Fresh from its Berlinale premiere, Pixar’s Onward takes place in a time when technology and modern convenience has replaced real magic. A pair of teen elf brothers, Ian and Barley (voiced by Marvel alums Tom Holland and Chris Pratt), are bequeathed with a present from their late father: a magical staff that allows them to bring someone back from the dead for 24 hours. However, when they manage to only conjure up the bottom half of their dad, the siblings must go on a quest to find a magical gem that’ll complete the resurrection spell before time runs out and the pair of legs fade away.

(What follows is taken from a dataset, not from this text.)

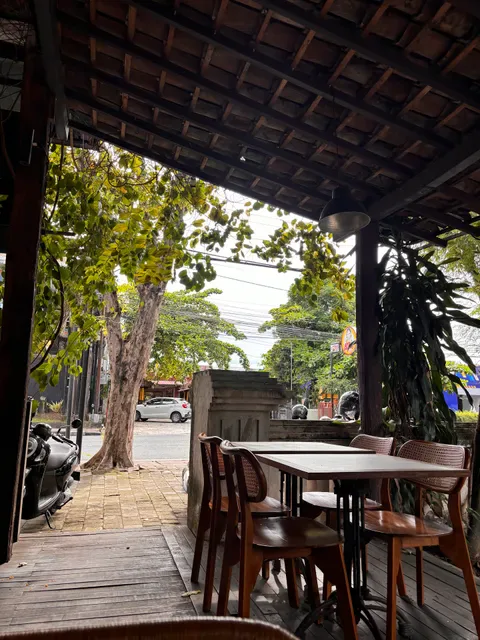 Veranda Cafe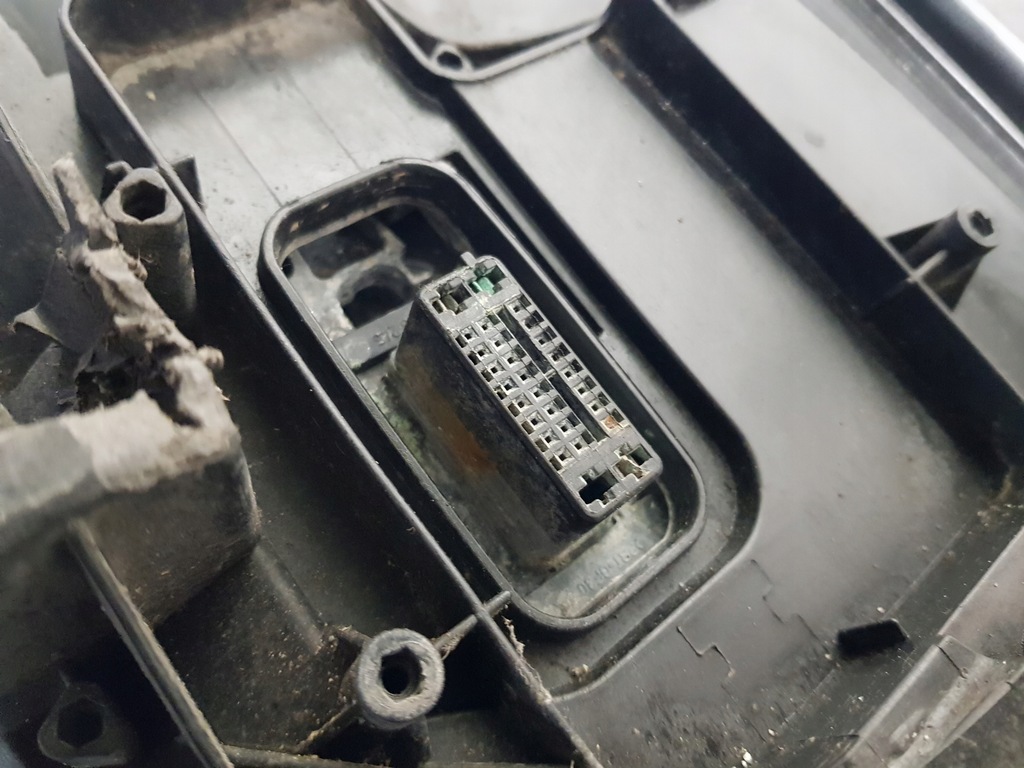 фото №12, Mercedes cls w218 c218 лампа full led левый перед 2188202359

This is writer-director Dan Scanlon’s second time in the director’s chair for Pixar, and his sophomore effort is stronger than his first try with Monsters University. It’s an original story about parenthood and cherishing what you have in front of you rather than shackling yourself to the past, one that comfortably surpasses some of the studio’s lower-tier efforts like Cars 2 and The Good Dinosaur. It plays out like Lord of the Rings meets Weekend At Bernie’s, and while this has oodles of potential on paper, the execution feels lacking. Onward settles into the ever-reliable hero’s journey narrative framework and the hilarious central gimmick of our heroic duo being joined by the disembodied legs of their father feels rather tepidly handled, to the point where there isn’t much here that’s radically inventive or subtly subversive. Even if the excellent animation and satisfying sentimental climax will go a long way to paper over some of the cracks, this is not a Pixar offering with much staying power. We’ll have to wait until the studio’s next release this year, Soul, to see if they can serve up something approaching the far more memorable highwater marks of Ratatouille and Inside Out.
Onward | Directed by Dan Scanlon (US, 2020), with Tom Holland, Chris Pratt, Julia Louis-Dreyfus. Starts Mar 5.